- Available data:
:::

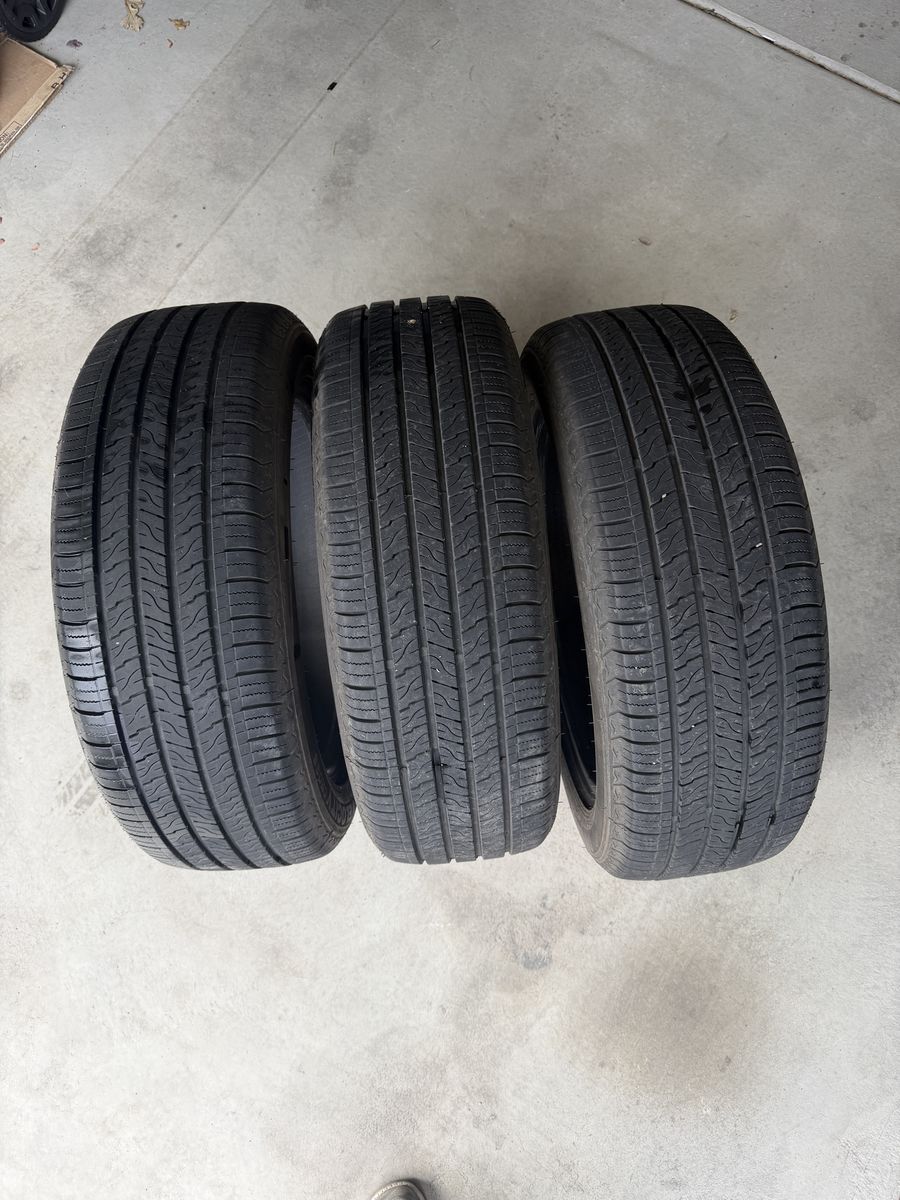 Omnimax Velocity Crossover 225/55 R19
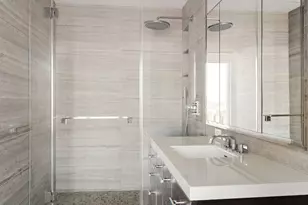 252 South St, New York, NY 10002 - Photo 5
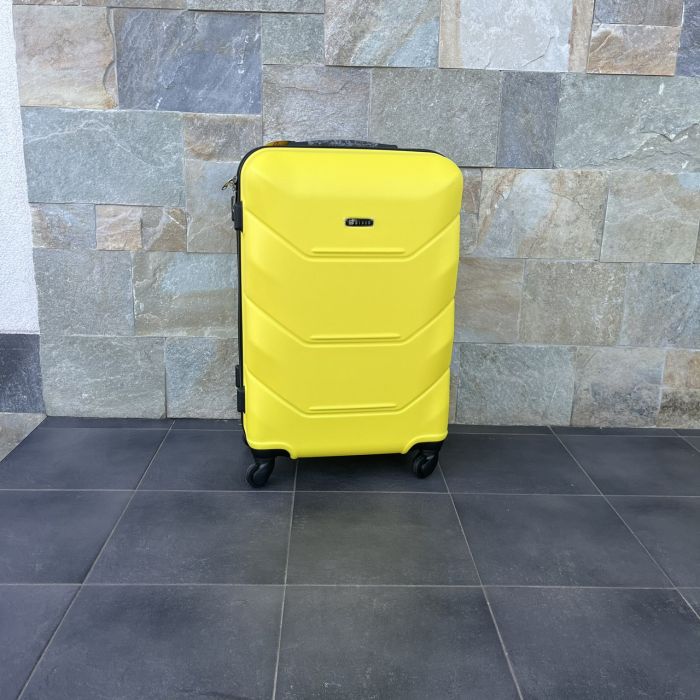 Чемодан дорожный средний Bloom 147 M Желтый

:::

- What you need to do: Without the pictures, repeat every line of the material above exactly.

- Result of the task:
 Omnimax Velocity Crossover 225/55 R19
 252 South St, New York, NY 10002 - Photo 5
 Чемодан дорожный средний Bloom 147 M Желтый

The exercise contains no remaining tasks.